7. Students grow best when they are accountable to and share life with other believers.
Small groups are crucial to the development of Christian students. These relationships will help the student confront areas of sin in their lives though confession and accountability. They will also cultivate awareness that we are all responsible for the faiths of our brothers and sisters, and that our relationship with God affects one another.
8. Students grow best when the church provides an outlet to use their specific gifts and talents to advance the gospel.
Students need to be involved in the church body. God has gifted them with special skills and abilities, and the church has a responsibility to cultivate and use those gifts.
9. Students grow best when they internalize God’s love for the world.

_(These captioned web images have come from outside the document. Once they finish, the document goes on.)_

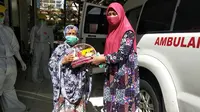 Nenek M (70) saat menerima parsel lebaran dari Direktur RSUD Polman (Liputan6.com/Abdul Rajab Umar)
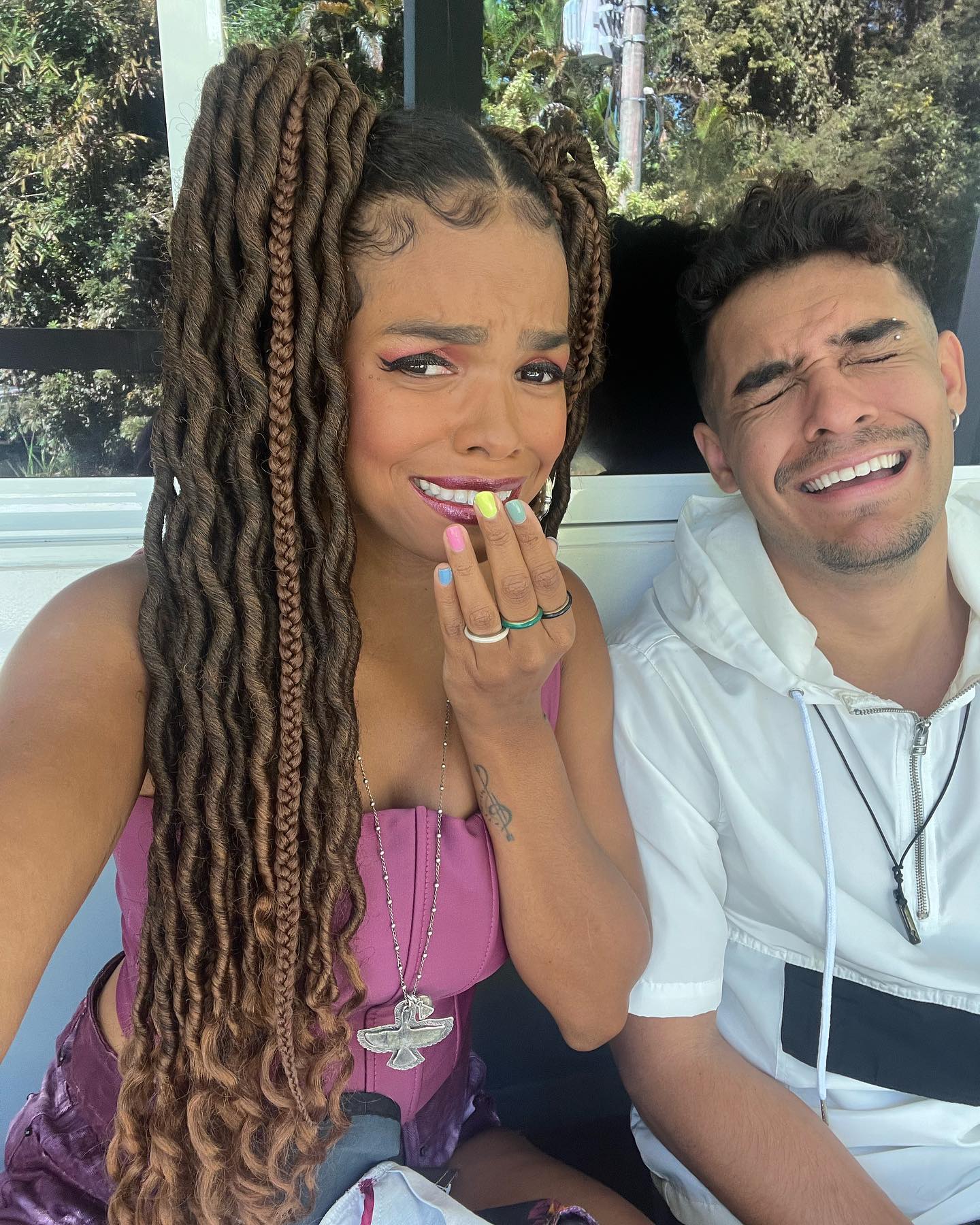 https://e.radikal.host/2025/04/23/jeniffer_nascimento_1744703764400.jpg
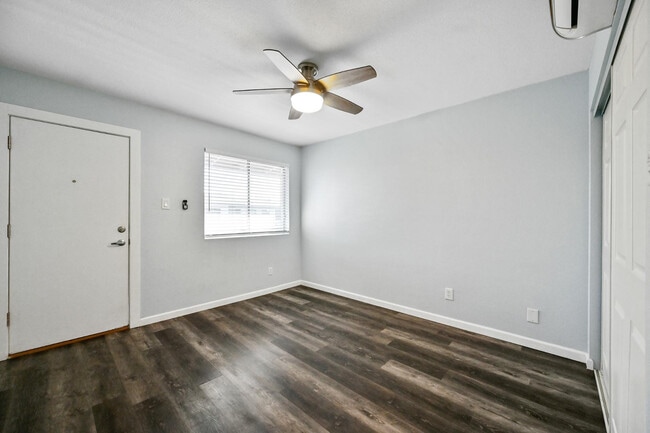 Building Photo - 3025 N 32nd St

Students must be challenged by the love that God has for the world. They must be challenged to reach out side themselves and the church in order to truly love the world around them. They must be given opportunities to see and experience the suffering of the world, and then to process God’s response to that suffering.
10. Students grow best when they are actively sharing their faith with those around them.
All Christians are called to make disciples, and the only way to do that is to go into the world and share the fullness of the gospel with others. They must be given tools which help them explain the gospel message in a culturally sensitive way (bridge illustration, 4 laws, “your story, my story, His story”).
11. Students grow best when the church empowers them to make a difference in the world by caring for those who are suffering.
The church must provide outreach opportunities for the students which help them to see the power that they have through the Holy Spirit to change the world. These can be short term mission’s trips or long term relationships with outreach ministries in the area of the church.
12. Students grow best when they feel included and loved.
One of the greatest challenges facing students today is the lack of meaningful relationships. This causes the students to feel lonely and disconnected. The church must be a place where students feel welcomed, included and loved. They must experience the unconditionality of the love that God has for us within their relationships as the church.
13. Students grow best in an environment that is safe.
Safety is of utmost importance when dealing with students. They must feel safe so that they will open their lives up and be willing to go through the difficult process of change that takes place during the Christian walk. Safety must be shown in the steadfastness of the leaders, the confidentiality of small groups and the way in which we joke and talk about each other. Even the games that are played affect the feeling of safety that a church must have.
14. Students grow best when they are being prayed for.
Real change and growth only comes by the power of the Holy Spirit, so the church must be praying for the students. This must be done not only by those who are directly ministering to the students, but also by the parents and other church members.